The head of the DNC, Debbie Wasserman Schultz, resigned over the disclosures, which disrupted this week's Democratic convention in Philadelphia.

Obama traditionally avoids commenting on active FBI investigations, but he told NBC News on Tuesday that outside experts have blamed Russia for the leak and appeared to embrace the notion that President Vladimir Putin might have been responsible because of what he described as Republican presidential nominee Donald Trump's affinity for Putin.

"What the motives were in terms of the leaks, all that, I can't say directly," Obama said. "What I do know is that Donald Trump has repeatedly expressed admiration for Vladimir Putin."

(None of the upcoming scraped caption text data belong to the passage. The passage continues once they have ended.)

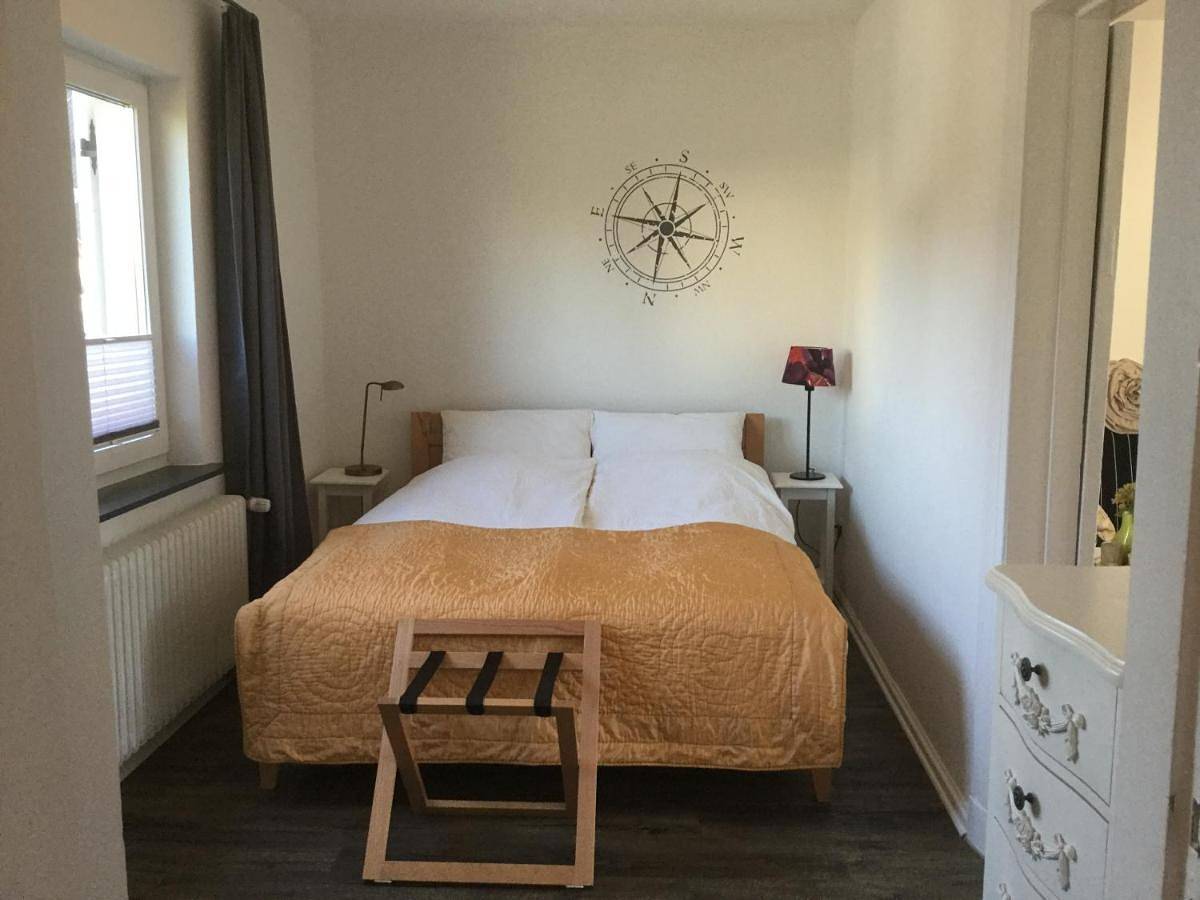 Ferienhaus Us lütt Hus und das Zimmer Linde im Haupthaus in Oldenburg, Niedersachsen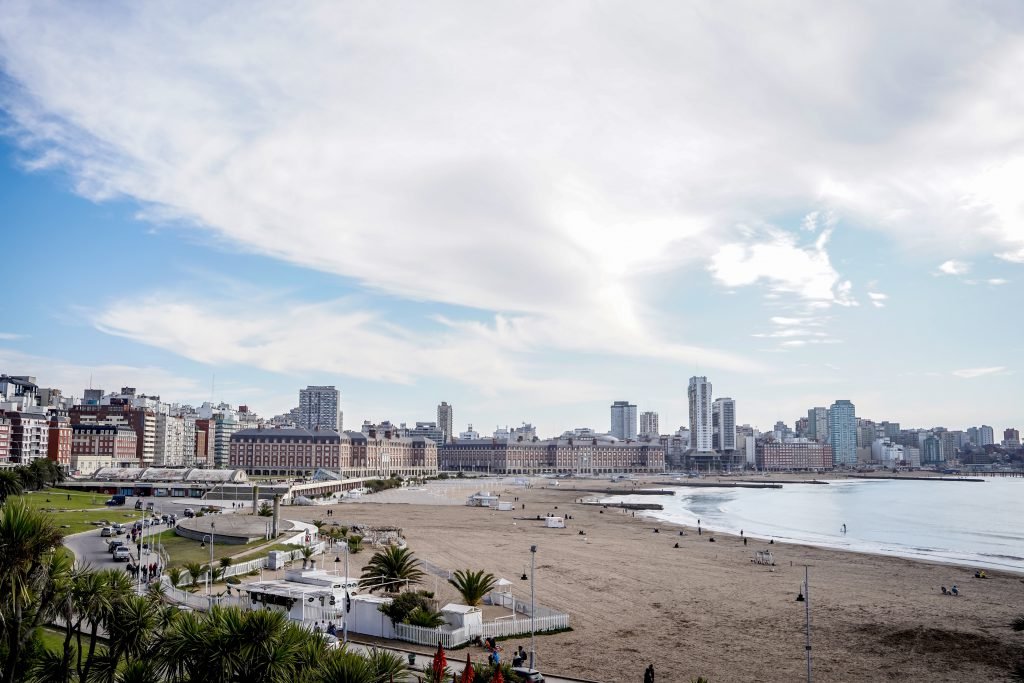 Imagen relacionada con Mar del Plata alcanzará casi 25° este jueves, pero se prevén cambios climáticos posteriores.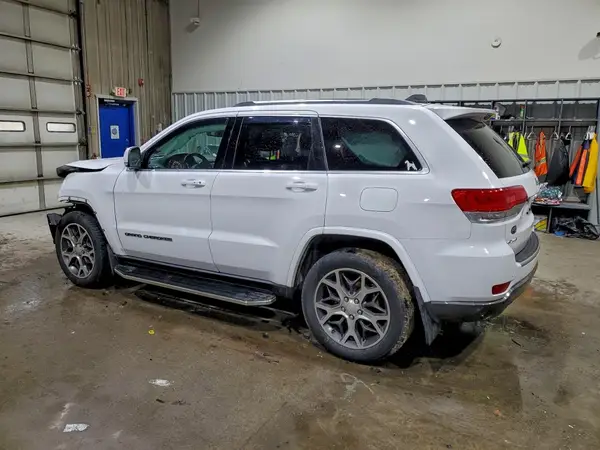 1C4RJFBG1JC129818 2018 JEEP GRAND CHEROKEE - Image 2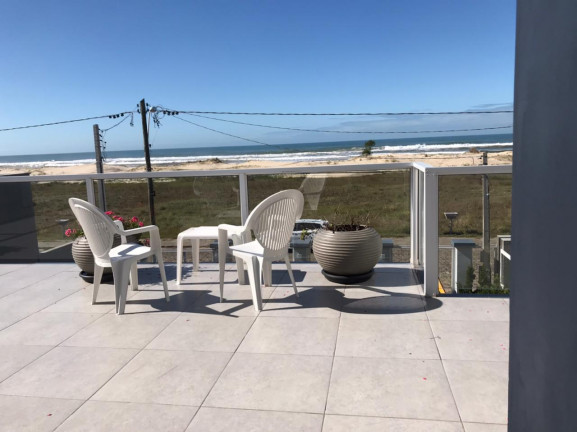 Imagem Casa com 5 Quartos à Venda, 120 m² em Capão Novo - Capão da Canoa Imagem Casa com 5 Quartos à Venda, 120 m² em Capão Novo - Capão da Canoa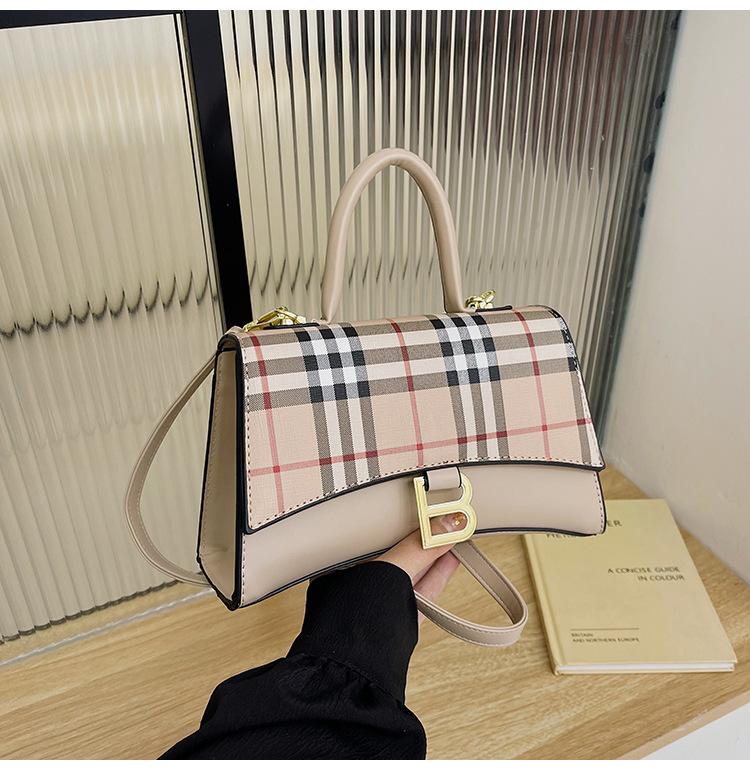 Retro Small Square Bag New High-end Sense Shoulder Bag 1024041615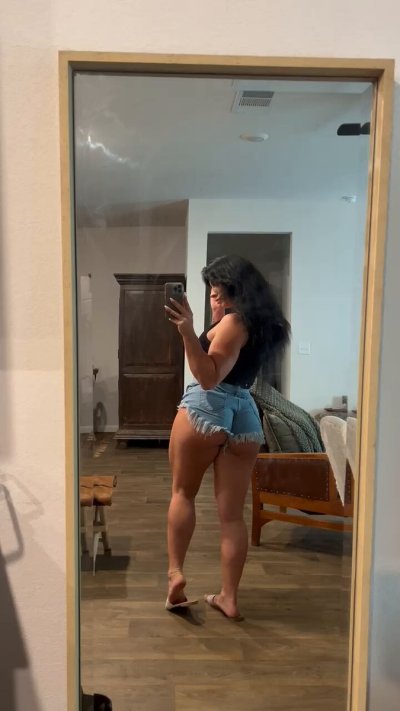 Watch Maeggatron_'s leaked NSFW video on TwXstars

Obama said he was basing his assessment on Trump's own comments and the fact that Trump has "gotten pretty favorable coverage back in Russia." He added that the U.S. knows that "Russians hack our systems - not just government systems, but private systems."

The developing U.S. strategy, unofficially dubbed "name and shame," is intended to raise diplomatic consequences for foreign governments involved in state-sponsored hacking.

In Moscow, Putin's spokesman, while not directly denying Russian involvement in the hack, said Wednesday that Moscow would never interfere in another country's election.

"President Putin more than once has said the Russia would never interfere and does not interfere in the internal affairs of other countries, especially in the electoral process," Dmitry Peskov told journalists in a conference call.

Peskov also criticized the willingness to accuse Russia of wrongdoing. "If we talk about some sort of suspicions against a country, then it is necessary at a minimum to be precise and concrete," the spokesman said. "Some sort of speculation in this case does not show a constructive attitude."